Using the listing below, please print exactly the lines from the one with "Renault Laguna, снимка" through the one with "大切なペットと一緒に暮らせる住まいです（規約制限有）。". Leave out every picture.

EXERCISE INPUT ->
--------------------

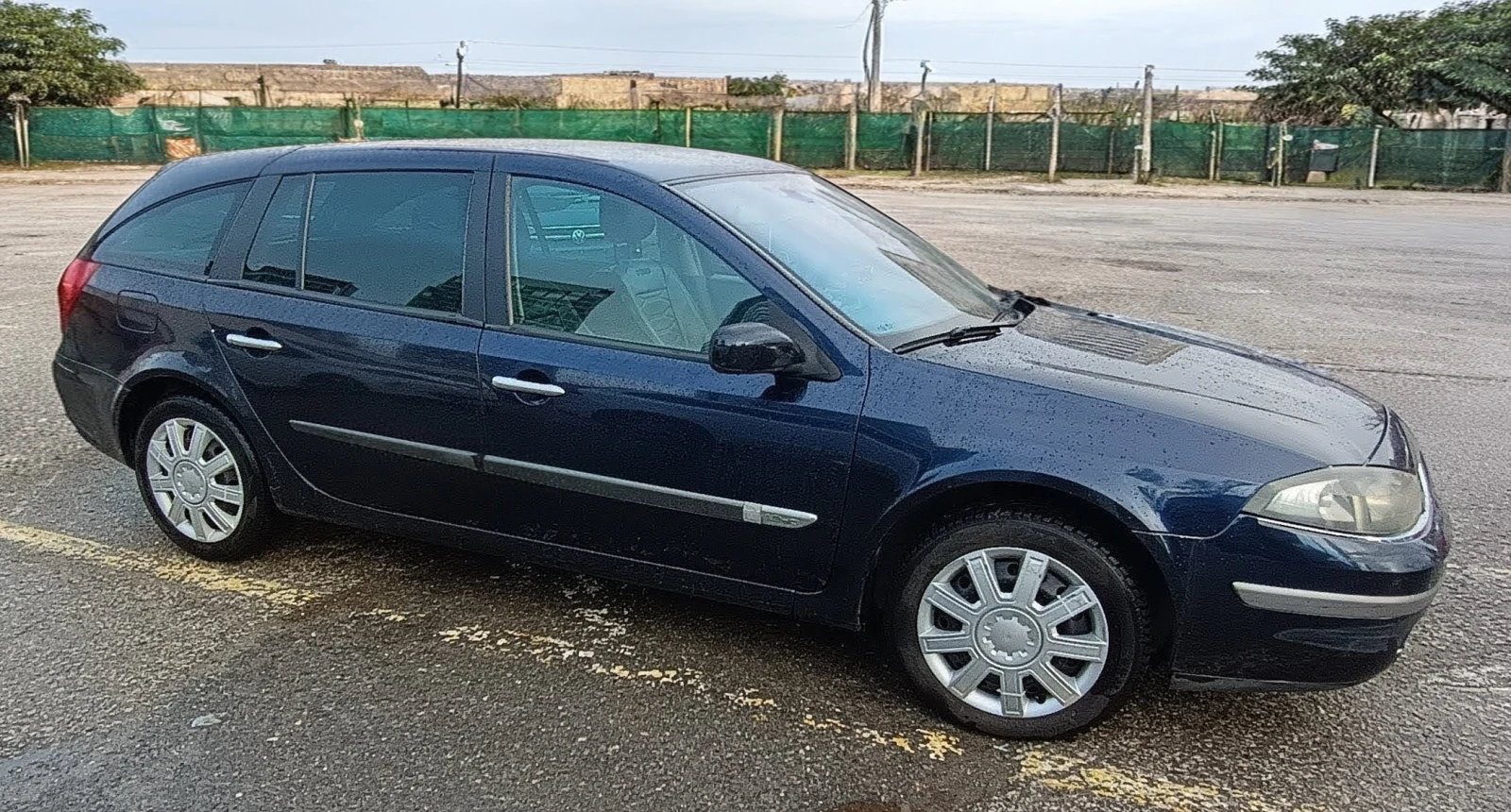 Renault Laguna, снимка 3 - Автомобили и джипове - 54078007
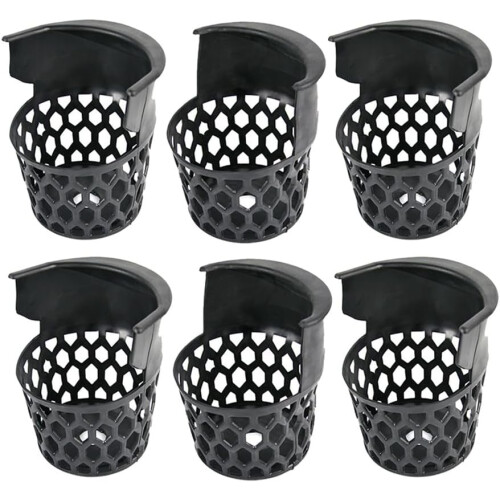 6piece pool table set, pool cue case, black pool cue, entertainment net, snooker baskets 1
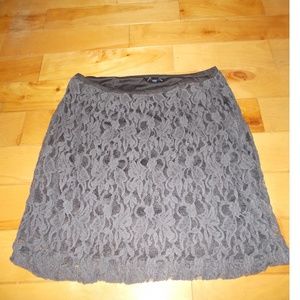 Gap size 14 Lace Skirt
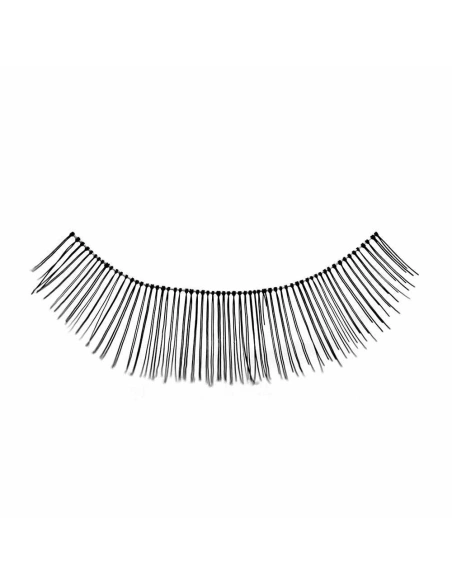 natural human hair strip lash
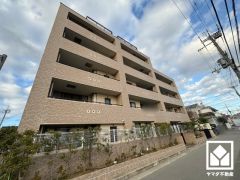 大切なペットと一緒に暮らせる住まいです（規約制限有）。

--------------------

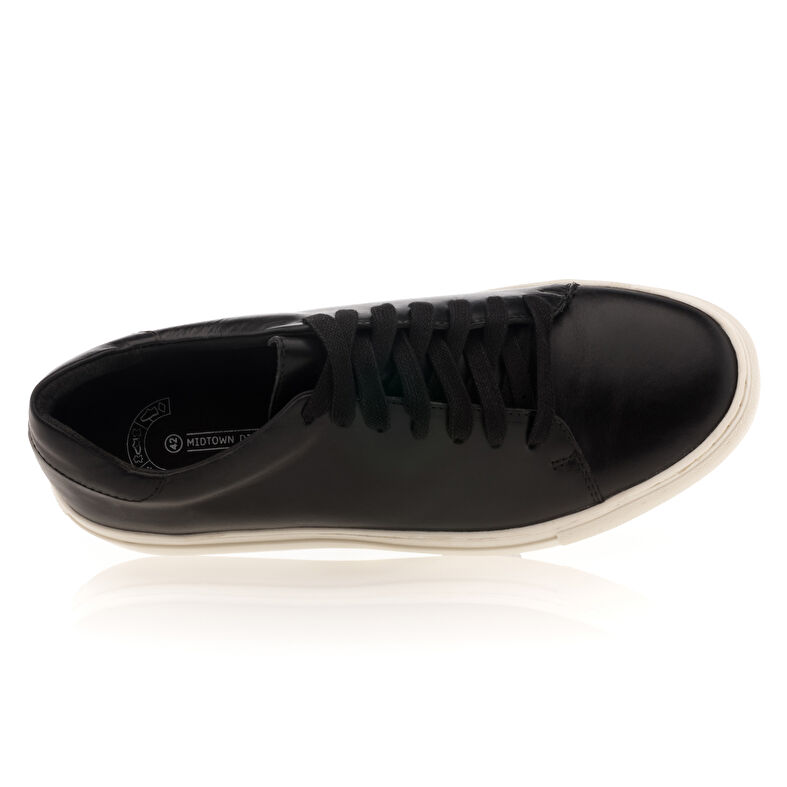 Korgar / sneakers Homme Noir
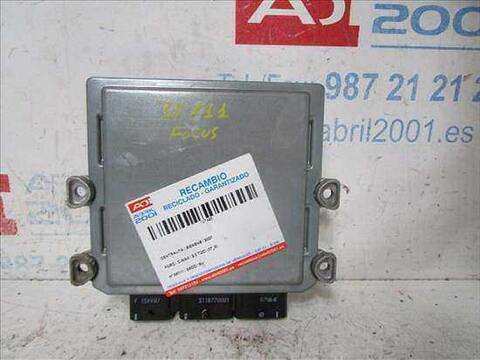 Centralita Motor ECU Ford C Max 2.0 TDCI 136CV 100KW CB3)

--------------------

REPLY TO THE EXERCISE ->
 Renault Laguna, снимка 3 - Автомобили и джипове - 54078007
 6piece pool table set, pool cue case, black pool cue, entertainment net, snooker baskets 1
 Gap size 14 Lace Skirt
 natural human hair strip lash
 大切なペットと一緒に暮らせる住まいです（規約制限有）。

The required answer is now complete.